RECORDS TO USE:
▬▬▬▬▬▬▬▬▬▬

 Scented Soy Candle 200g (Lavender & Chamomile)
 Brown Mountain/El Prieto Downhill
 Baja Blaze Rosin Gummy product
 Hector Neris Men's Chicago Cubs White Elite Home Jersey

▬▬▬▬▬▬▬▬▬▬

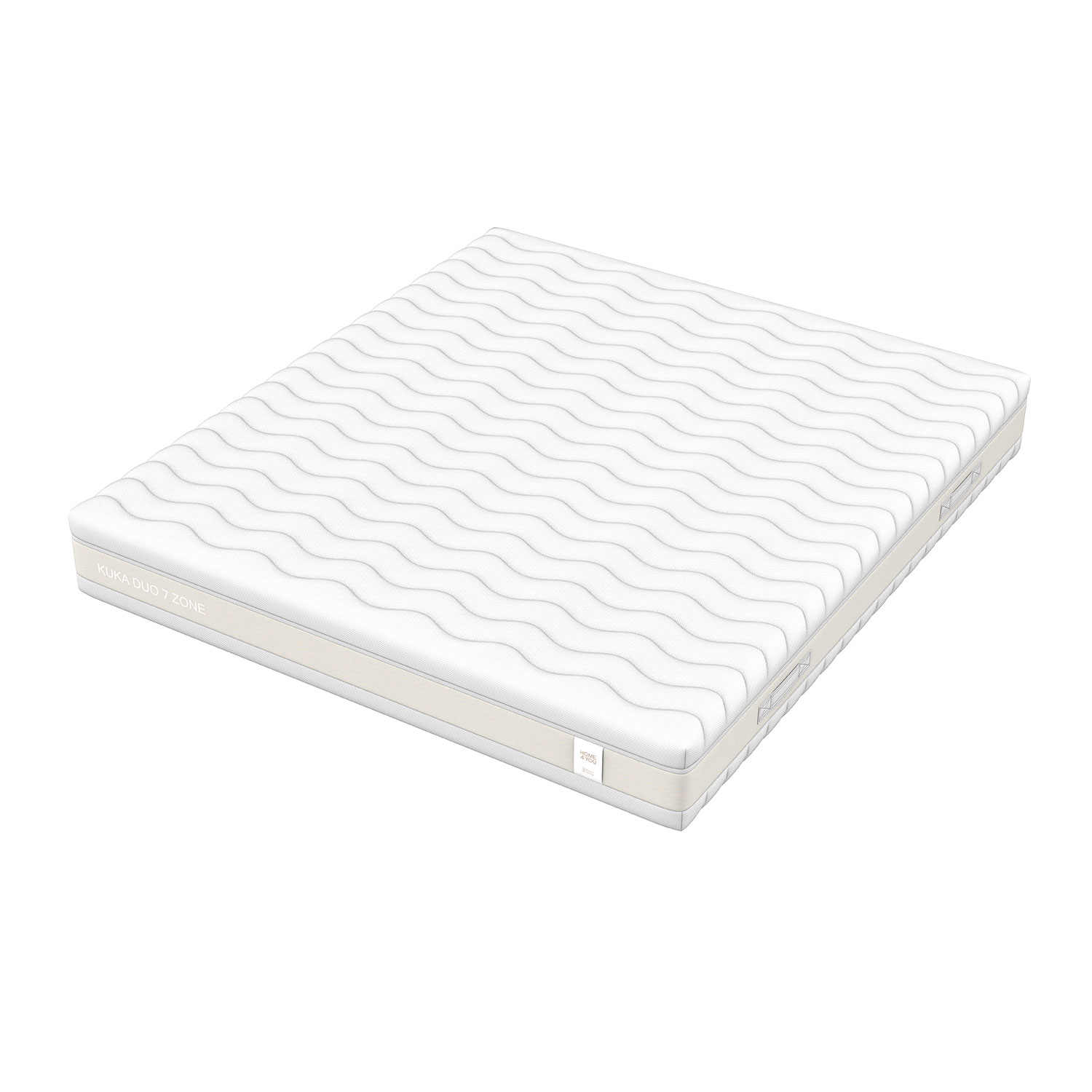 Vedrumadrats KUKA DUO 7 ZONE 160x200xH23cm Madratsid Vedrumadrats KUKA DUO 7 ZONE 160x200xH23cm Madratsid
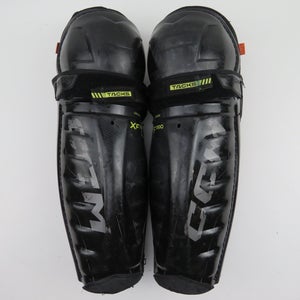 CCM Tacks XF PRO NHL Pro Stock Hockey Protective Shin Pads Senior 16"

▬▬▬▬▬▬▬▬▬▬

Once the line with "Baja Blaze Rosin Gummy product" is found in the records above, print exactly that line and every line after it through the line with "Hector Neris Men's".

 Baja Blaze Rosin Gummy product
 Hector Neris Men's Chicago Cubs White Elite Home Jersey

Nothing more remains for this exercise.